§ Task directions
Give back exactly the stretch of data below from the line holding "象棋棋譜圖片：二廟 徐啟文 先勝 金嶺 莊旭友 - 步數(shù)：71" through the line holding "星芒物语手链925银手链女款轻奢首饰小众送闺蜜生日礼物", both ends included, and leave the remaining lines out.
=-=-=
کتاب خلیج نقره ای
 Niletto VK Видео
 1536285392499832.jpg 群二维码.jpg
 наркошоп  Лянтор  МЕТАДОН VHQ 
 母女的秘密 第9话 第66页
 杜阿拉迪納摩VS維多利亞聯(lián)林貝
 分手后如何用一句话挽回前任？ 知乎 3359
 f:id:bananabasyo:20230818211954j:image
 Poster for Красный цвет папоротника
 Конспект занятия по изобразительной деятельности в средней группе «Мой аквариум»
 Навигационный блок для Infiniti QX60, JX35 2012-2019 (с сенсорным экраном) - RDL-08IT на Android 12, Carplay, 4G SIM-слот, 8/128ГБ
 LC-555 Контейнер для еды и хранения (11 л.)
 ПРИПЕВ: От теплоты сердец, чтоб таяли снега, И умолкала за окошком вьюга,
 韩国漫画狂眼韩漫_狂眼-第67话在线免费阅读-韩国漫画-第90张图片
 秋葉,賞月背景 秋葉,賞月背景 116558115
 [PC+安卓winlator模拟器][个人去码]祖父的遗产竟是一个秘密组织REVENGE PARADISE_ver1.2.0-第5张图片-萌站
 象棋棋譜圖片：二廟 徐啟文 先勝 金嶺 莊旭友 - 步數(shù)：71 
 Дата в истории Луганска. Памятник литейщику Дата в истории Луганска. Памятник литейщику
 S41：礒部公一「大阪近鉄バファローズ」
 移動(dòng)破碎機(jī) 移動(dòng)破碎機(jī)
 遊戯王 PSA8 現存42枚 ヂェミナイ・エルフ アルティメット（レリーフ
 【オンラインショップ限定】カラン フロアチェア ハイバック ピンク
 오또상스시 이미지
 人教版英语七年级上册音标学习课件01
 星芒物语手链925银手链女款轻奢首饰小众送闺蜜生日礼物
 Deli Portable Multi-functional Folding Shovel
=-=-=
§ Written response
 象棋棋譜圖片：二廟 徐啟文 先勝 金嶺 莊旭友 - 步數(shù)：71 
 Дата в истории Луганска. Памятник литейщику Дата в истории Луганска. Памятник литейщику
 S41：礒部公一「大阪近鉄バファローズ」
 移動(dòng)破碎機(jī) 移動(dòng)破碎機(jī)
 遊戯王 PSA8 現存42枚 ヂェミナイ・エルフ アルティメット（レリーフ
 【オンラインショップ限定】カラン フロアチェア ハイバック ピンク
 오또상스시 이미지
 人教版英语七年级上册音标学习课件01
 星芒物语手链925银手链女款轻奢首饰小众送闺蜜生日礼物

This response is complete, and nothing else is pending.